Non festeggiamo la libertà, però, guardando a noi stessi. Oggi la Chiesa ci chiede di fissare lo sguardo sulla Madre della libertà. La Madonna, nell’istante del suo “sì”, è diventata la Madre della libertà, di una libertà unica. Don Giussani la descrisse in un suo intervento al Santuario di Caravaggio nel 1982: “La libertà che aderisce dice: ‘Sì, riconosco’. Ci può essere, però, un riconoscimento che non accetta, non si coinvolge. In questo modo la mia fede diventa fiacca, vuota, senza senso. Bisogna sottolineare la ragionevolezza di quel ‘sì’: perché lei ha detto di sì? Nel mistero di quel momento la Madonna ha intuito che era proprio un annuncio di Dio, Dio vero. Così è avvenuto anche per noi. Infatti nessuno di noi è cristiano se non perché, in qualche modo, l’intuito, il capire che Cristo è vero, la Chiesa è vera, il mistero cristiano è vero, l’ha preso anche solo per un attimo. Tutti abbiamo avuto questa intuizione. La grandezza della Madonna è la sua semplicità: lei ha detto: ‘Sì’ e basta, non chiedeva altro. Noi, invece, abbiamo sempre bisogno di qualcosa d’altro, di qualche prova in più per potere essere decisi. La maturità della fede, Cristo l’ha definita, paragonata al bambino. Il bambino sente istintivamente di appartenere ai genitori e di fronte alle cose dice: ‘Sì’, sgrana gli occhi: non chiede altre conferme di ciò che vede. Quello che il bambino fa per istinto di natura, l’uomo con una fede matura lo fa coscientemente. Quindi la maturità della fede è il bambino che da istinto diventa coscienza, con la stessa semplicità”.

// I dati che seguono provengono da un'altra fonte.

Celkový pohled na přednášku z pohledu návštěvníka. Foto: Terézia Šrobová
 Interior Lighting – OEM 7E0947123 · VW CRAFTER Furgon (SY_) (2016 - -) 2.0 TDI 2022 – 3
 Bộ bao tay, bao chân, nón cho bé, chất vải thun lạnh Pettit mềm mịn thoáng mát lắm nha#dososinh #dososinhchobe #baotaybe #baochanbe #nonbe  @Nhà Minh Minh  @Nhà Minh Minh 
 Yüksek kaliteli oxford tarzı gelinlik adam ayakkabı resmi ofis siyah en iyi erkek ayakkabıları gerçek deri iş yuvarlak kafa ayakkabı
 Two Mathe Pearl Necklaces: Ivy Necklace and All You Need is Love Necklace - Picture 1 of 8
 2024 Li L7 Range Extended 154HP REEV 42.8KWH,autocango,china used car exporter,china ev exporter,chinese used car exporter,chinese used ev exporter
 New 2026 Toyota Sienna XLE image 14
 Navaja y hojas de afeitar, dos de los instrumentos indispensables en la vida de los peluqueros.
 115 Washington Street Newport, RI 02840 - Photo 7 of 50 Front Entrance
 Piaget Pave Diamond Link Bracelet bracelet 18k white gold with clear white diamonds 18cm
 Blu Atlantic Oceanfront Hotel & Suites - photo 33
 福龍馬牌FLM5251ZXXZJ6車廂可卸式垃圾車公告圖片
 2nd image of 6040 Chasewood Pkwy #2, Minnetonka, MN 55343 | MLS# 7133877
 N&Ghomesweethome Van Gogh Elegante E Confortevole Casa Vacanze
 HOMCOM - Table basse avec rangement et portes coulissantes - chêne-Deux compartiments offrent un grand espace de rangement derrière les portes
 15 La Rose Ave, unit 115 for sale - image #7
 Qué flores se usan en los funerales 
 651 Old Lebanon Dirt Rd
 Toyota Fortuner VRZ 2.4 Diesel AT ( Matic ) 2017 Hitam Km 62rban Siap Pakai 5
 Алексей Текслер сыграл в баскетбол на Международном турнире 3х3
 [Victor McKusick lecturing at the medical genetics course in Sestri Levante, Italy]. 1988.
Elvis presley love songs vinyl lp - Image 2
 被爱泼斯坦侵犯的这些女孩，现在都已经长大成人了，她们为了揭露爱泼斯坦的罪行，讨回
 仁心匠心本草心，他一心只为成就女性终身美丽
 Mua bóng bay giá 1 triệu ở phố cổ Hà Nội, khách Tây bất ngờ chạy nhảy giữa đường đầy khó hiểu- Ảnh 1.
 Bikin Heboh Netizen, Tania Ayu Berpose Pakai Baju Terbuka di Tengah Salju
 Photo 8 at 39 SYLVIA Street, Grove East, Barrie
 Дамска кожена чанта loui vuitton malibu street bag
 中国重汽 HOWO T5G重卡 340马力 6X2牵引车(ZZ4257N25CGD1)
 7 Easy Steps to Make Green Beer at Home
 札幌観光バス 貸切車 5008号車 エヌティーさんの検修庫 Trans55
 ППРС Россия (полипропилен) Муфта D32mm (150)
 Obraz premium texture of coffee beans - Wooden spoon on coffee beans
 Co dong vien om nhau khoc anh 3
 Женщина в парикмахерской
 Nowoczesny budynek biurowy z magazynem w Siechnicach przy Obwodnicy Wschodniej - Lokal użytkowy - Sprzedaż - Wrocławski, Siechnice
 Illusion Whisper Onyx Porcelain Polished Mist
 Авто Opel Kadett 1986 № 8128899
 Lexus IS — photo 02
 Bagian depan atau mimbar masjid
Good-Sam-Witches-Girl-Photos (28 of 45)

Oggi ci viene regalata l’occasione per domandare questa coscienza e semplicità per dire: “Sì, riconosco”, conosco di nuovo. Abbiamo bisogno di “conoscere di nuovo” il volto delle persone che hanno a che fare con quel “sì”. Marito, moglie, figli, amici… tutte quelle presenze umane che Dio ha scelto perché la nostra vita potesse contenere l’eco della risposta di Maria. In quella eco si gioca la possibilità della vera libertà. Ci sono, infatti, tanti modi per dire “sì”, e lo sappiamo fin troppo bene. Possiamo dire “sì” per abitudine, per convenienza, per pressioni esterne, per paura, per una falsa obbedienza. Riconosciamo subito un tale modo di dire “sì” perché, come dice don Giussani, non ci coinvolge. E non ci coinvolge, non lo accettiamo, perché verifichiamo all’istante che si tratta di situazioni in cui tutto è pensato perché si possa fare a meno di noi. Per questo Dio ha aperto nella storia la strada a un “sì” da uomini e donne liberi. Questa strada si è aperta con Maria. Con lei Dio ha mostrato definitivamente che non vuole fare a meno di noi, che desidera il nostro “sì” libero. Come scrisse don Julián Carrón nella Prefazione al libro “L’impegno del cristiano nel mondo”: “Se la libertà non trova un oggetto adeguato che la catalizza, l’uomo resta come paralizzato nel centro del proprio io; e tutta la sua agitazione, tutto il suo fare non riescono a sbloccarlo nell’intimo”.
Abbiamo, così, la possibilità di “conoscere di nuovo” noi stessi, guardandoci come ci guarda Lui. Il riconoscimento di Cristo diventa riconoscimento di sé. Ci riscopriamo uomini e donne come mai avremmo potuto fare, incastrati in tutti i nostri discorsi, tentativi e iniziative dove, spesso, non c’è bisogno del nostro “sì”. Gustiamo, allora, questa festa della libertà, in cui la vera iniziativa l’ha presa, e continua a prenderla, Dio stesso muovendoci fin nell’intimo del nostro io.